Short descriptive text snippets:

============

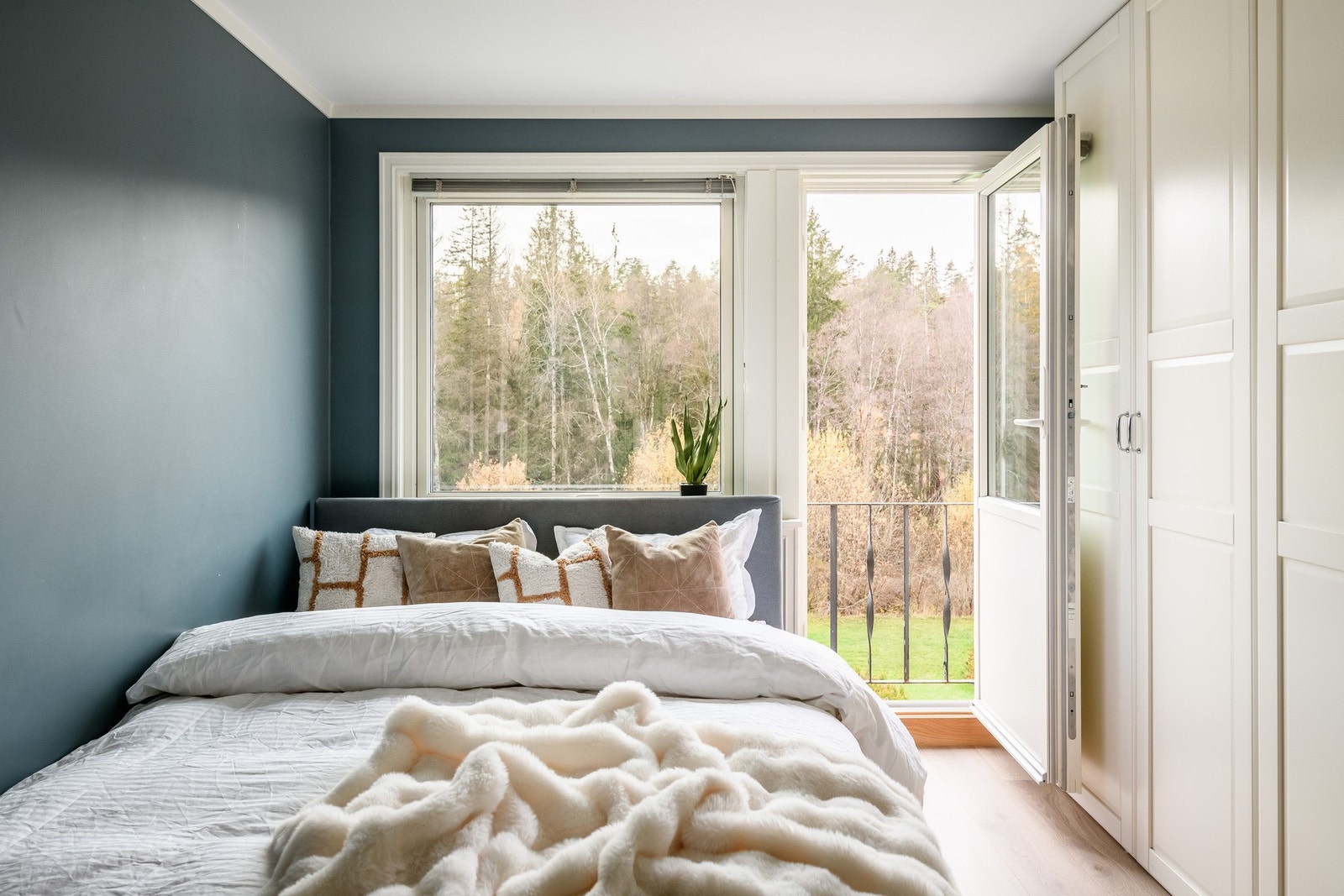 Lyse og rolige soverom med god plass til seng og garderobe. Galleribilde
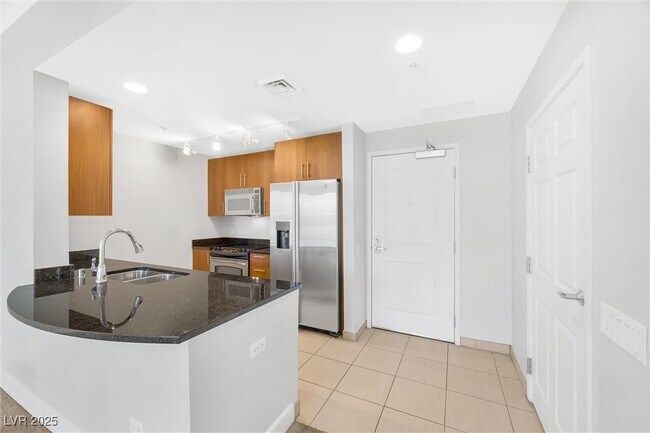 Building Photo - 200 W Sahara Ave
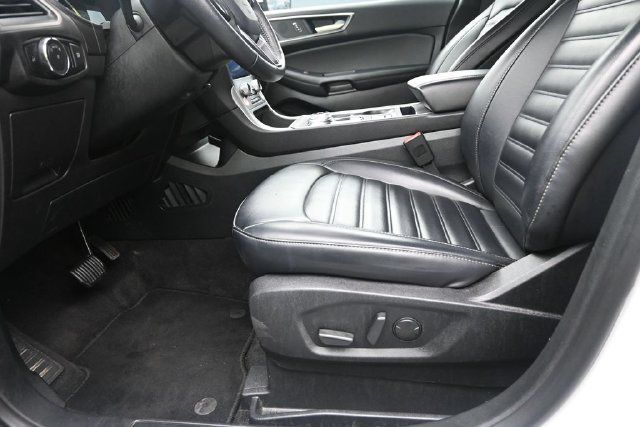 Used 2024 Ford Edge SEL AWD/4WD image 12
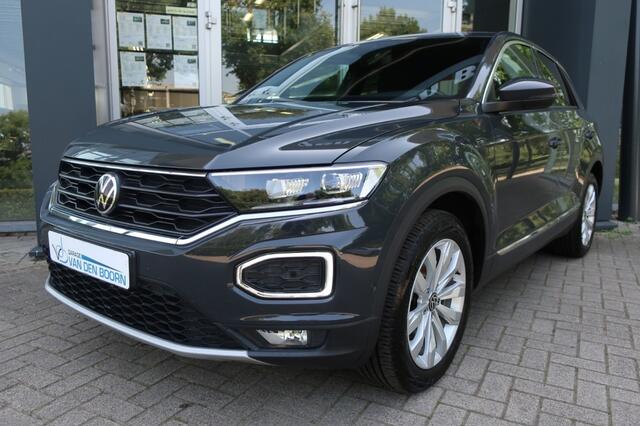 Volkswagen T-Roc 1.5 TSI 150PK, Trekhaak, Navi, Apple Carplay/ Android Auto, etc.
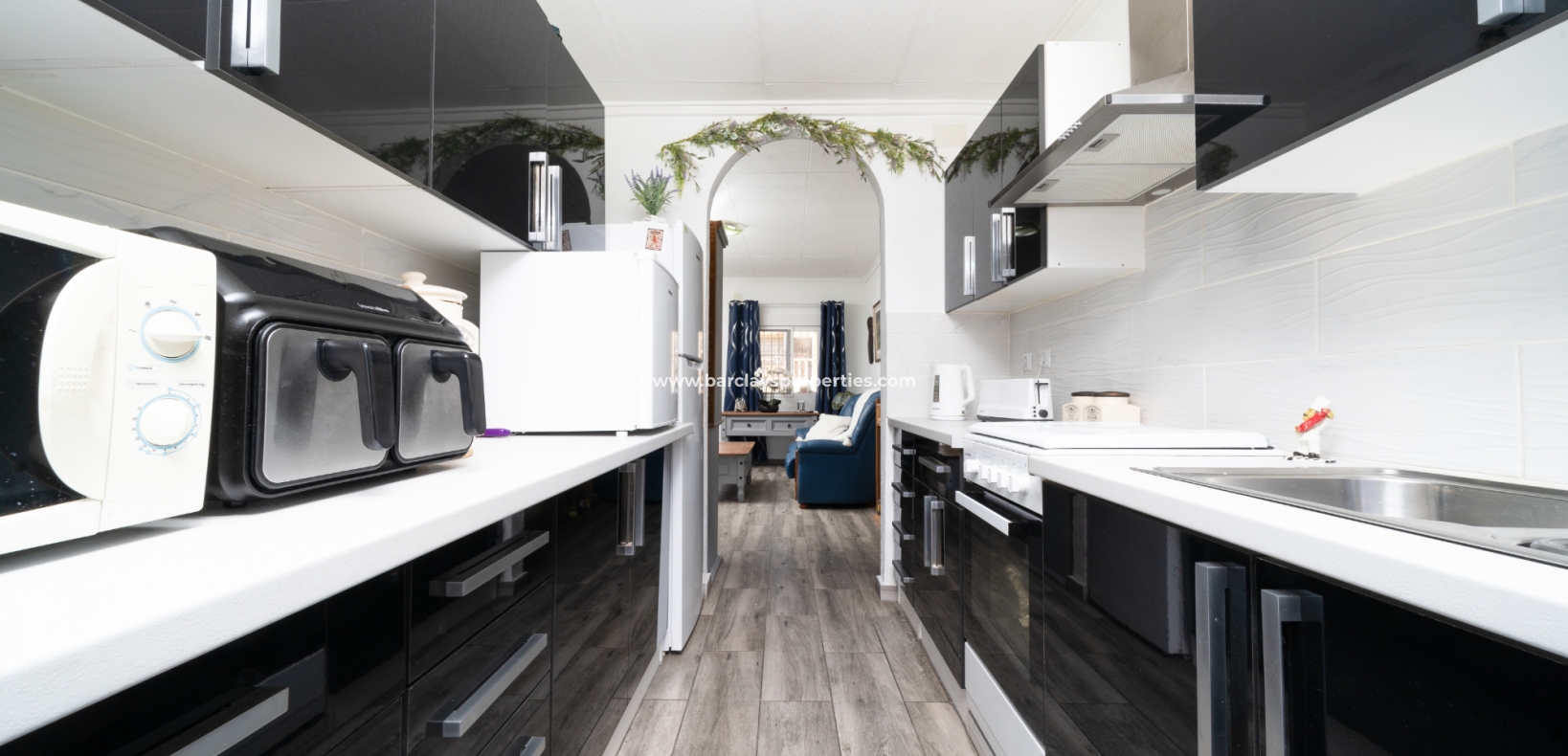 Wederverkoop - Vrijstaande Villa - Urb. La Marina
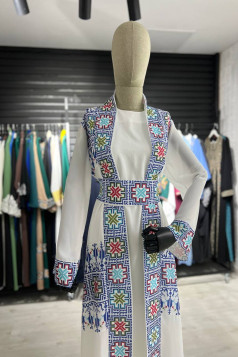 طقم عباية جنان المطرزة مكونة من قطعتين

============

§ **EXERCISE AIM**
The data above must be copied exactly. Leave out the pictures.

§ **SOLVED PROBLEM**
 Lyse og rolige soverom med god plass til seng og garderobe. Galleribilde
 Building Photo - 200 W Sahara Ave
 Used 2024 Ford Edge SEL AWD/4WD image 12
 Volkswagen T-Roc 1.5 TSI 150PK, Trekhaak, Navi, Apple Carplay/ Android Auto, etc.
 Wederverkoop - Vrijstaande Villa - Urb. La Marina
 طقم عباية جنان المطرزة مكونة من قطعتين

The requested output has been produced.